Donnie Darko is turning fifteen this year, and while you might want to joke that the movie’s now the same age as its ideal audience, you’d be surprised at how good it remains. Luckily, the Brattle Theatre’s got you covered, as they’re showing the new 4K-remaster of the film this Thursday
(April 13) and it’s never looked better. Fun fact: The Brattle was one of the only theaters in the country to screen Richard Kelly’s first movie on its release in 2002, and it’s probably best to see it in a place that loved it from the start.

It’s easy to assume that the movie’s aged poorly based only on your memories of it. Sure, some of the screenplay is super cringe-worthy now. The “Smurfette” bit comes across as particularly precocious in an unflattering way, and the Frank bits, while brilliantly creepy, also suffer from this — the “why are you wearing that stupid human suit?” bit is “fill-o-sophical” like so many movies from the early-aughts are. But for every bit that makes you go “Oh man, I can see why I liked this when I was a teenager,” there’s another that’ll make you think you might have been onto something there.

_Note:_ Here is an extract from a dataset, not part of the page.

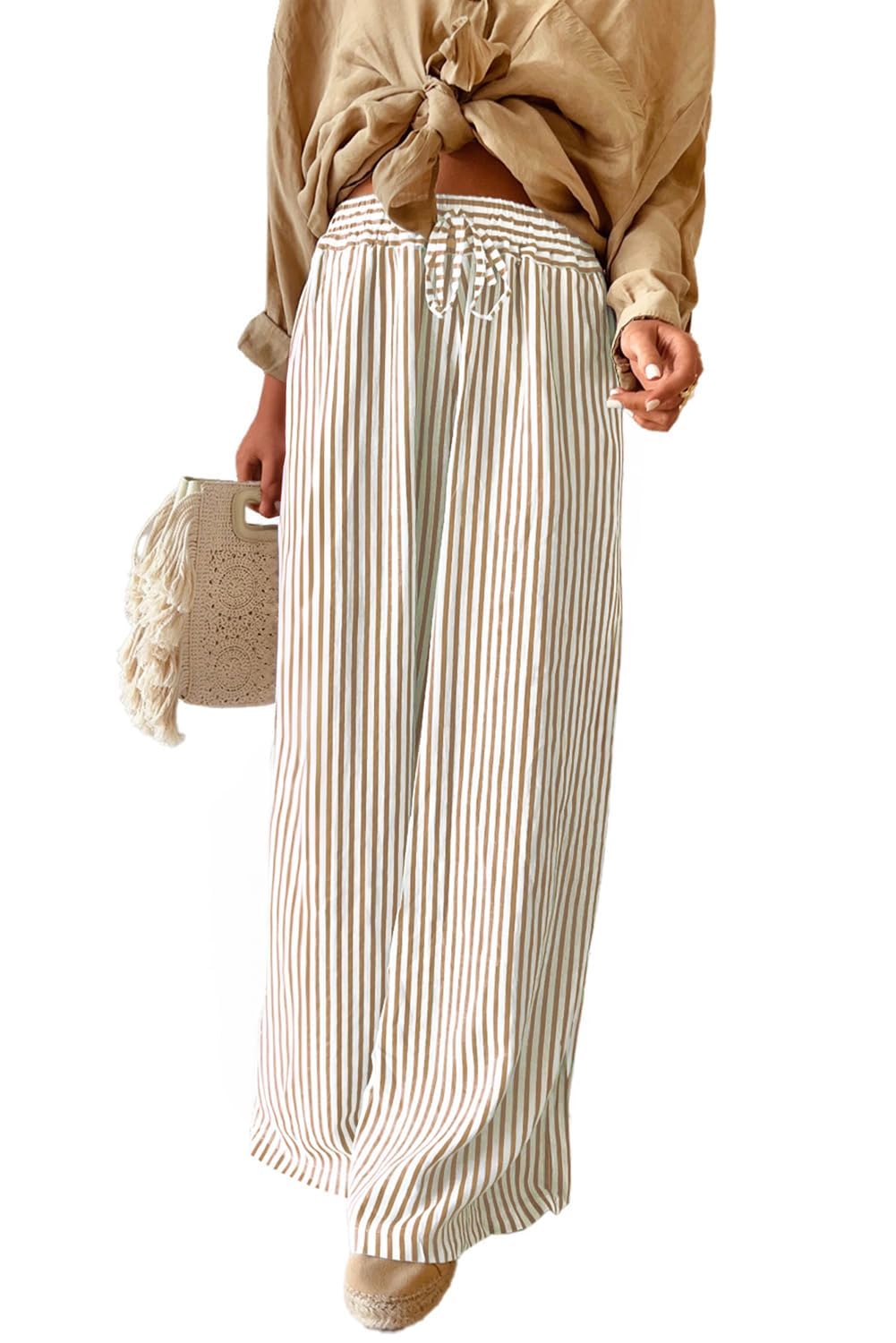 LOMON Striped Gingham Pants Women Summer Fall Pajamas Lounge Boxer Bottoms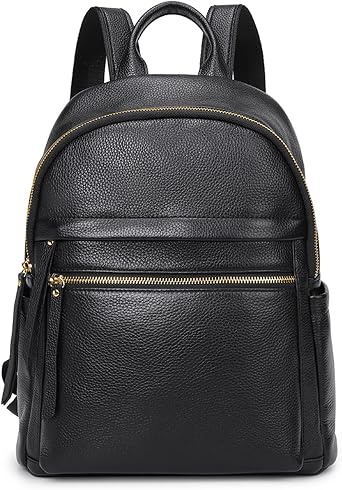 Kattee Genuine Leather Backpack Purse for Women, Medium Soft Daypack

The casting is inspired, and while everybody rightfully talks about Jake Gyllenhaal (who after a mid-career lull of playing mainstream protagonists returned to the beautifully creepy roles like this one that cemented him as an actor to watch), his sister Maggie, and Jena Malone (whom Kelly cast because he saw her in Contact, also playing at the Brattle this weekend), the other players are well-served. Patrick Swayze especially stands out, whose work as an honest-to-God actor was never better than in his role here.

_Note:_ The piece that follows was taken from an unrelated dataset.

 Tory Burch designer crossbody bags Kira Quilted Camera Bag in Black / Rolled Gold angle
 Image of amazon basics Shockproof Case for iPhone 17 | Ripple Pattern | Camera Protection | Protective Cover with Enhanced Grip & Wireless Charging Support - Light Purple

Perhaps the most undervalued aspect of Darko is Kelly’s restrained and often beautiful direction and choreography, and nowhere is this better glimpsed than in the famous “Head Over Heels” scene, a series of tracking shots set to the classic Tears for Fears singles that establishes the school’s setting and, more importantly, its feeling. He takes his time moving through the environment, lingering on little ephemeral bits of the day-to-day- school teachers taking a blind eye to drug abuse, the eye-rolls and sighs after a conversation with shitty peers- and keeps the visual puns and timing to a minimum, only really coming at the beginning and end of the sequence (with the bells chiming at the start, and the time-lapse at “time flies”). It’s remarkably grounded and centered filmmaking from a director who was only 25 when he made this film, and it may subtly be one of the reasons this film has endured — those qualities apply to nearly every section of the movie on a pure technical level.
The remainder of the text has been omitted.